Facts about Cliff Robertson
Cliff Robertson Biography
Clifford Parker Robertson III was born in California to wealthy parents, who divorced when he was one year old. He was raised by a grandmother and studied journalism briefly at Antioch College in Ohio before serving in the Merchant Marine during World War II.
After the war he studied at the Actors Studio in New York City and began getting work in the theater and on TV dramas. Soon enough he was a lean and handsome young star in movies like Picnic (1956, with William Holden) and The Naked and the Dead (1958, based on the war novel by Norman Mailer).
His big break came when he played Lt. John F. Kennedy in the World War II memoir PT-109. (The film came out in 1963, while Kennedy was president.)
In 1968 Robertson starred in Charly (based on the story Flowers for Algernon by Daniel Keyes), playing a mentally disabled man who is briefly and tragically made super-intelligent by an experimental operation. He won the Academy Award as best actor, but held on to the recalcitrant streak that blocked him from joining the first tier of Hollywood stars.
He was effective as a CIA boss in Three Days of the Condor (1973) and took a memorable turn as Hugh Hefner in the Dorothy Stratten biopic Star 80 (1983).
His 1980s were mostly about TV for Cliff Robertson: he had a recurring role on Falcon Crest and played Henry Ford in the 1987 TV movie Ford: The Man and the Machine. In 2002 he made a comeback of sorts, playing the gentle but doomed Uncle Ben in the movie Spider-Man. Robertson also dabbled in directing, most notably directing himself in the 1972 rodeo film J.W. Coop.

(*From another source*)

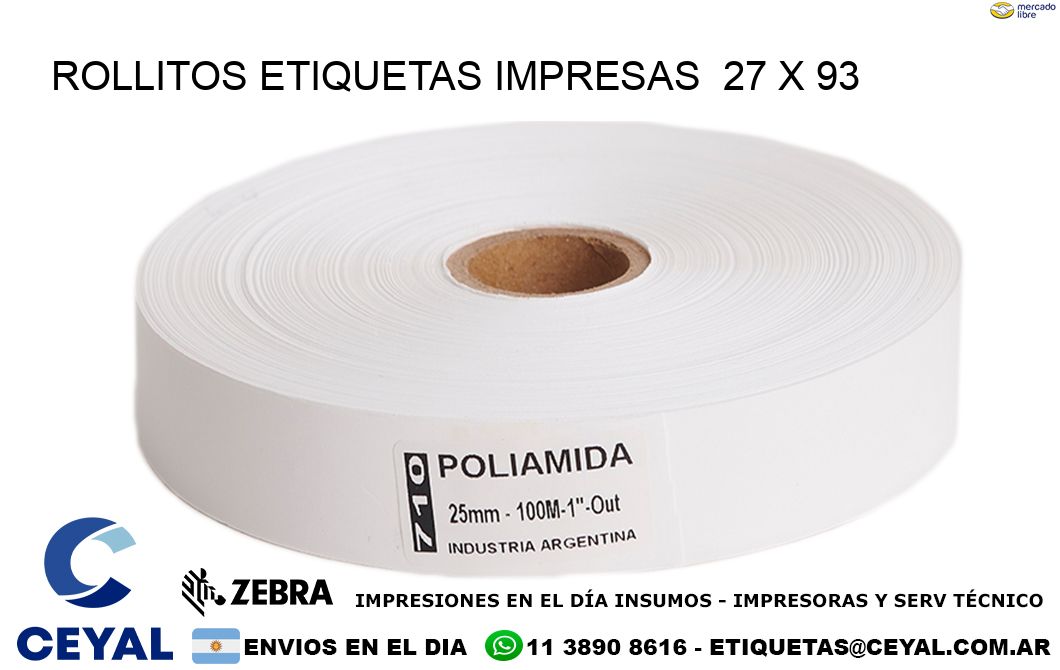 ROLLITOS ETIQUETAS IMPRESAS  27 x 93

Cliff Robertson was a flying enthusiast and liked to restore planes from World Wars I and II… Robertson was married to Cynthia Stone from 1957 until their divorce in 1960; they had one daughter, Stephanie. Robertson then was married to Dina Merrill from 1966 until their divorce in 1989; they had one daughter, Heather. Cynthia Stone was the ex-wife of actor Jack Lemmon, and Merrill the wealthy daughter of financier E.F. Hutton and heiress Marjorie Meriweather Post… Cliff Robertson co-starred in Brainstorm, which was Natalie Wood‘s last film… 1969, the year in which Robertson was awarded the Oscar, was also the year that Barbra Streisand and Katharine Hepburn shared the Oscar for best actress… Robertson played the gunfighter-villain Shame on two episodes of the farcical 1960s TV series Batman… He also played The Big Kahuna, the beloved veteran surfer dude, in Gidget (1959).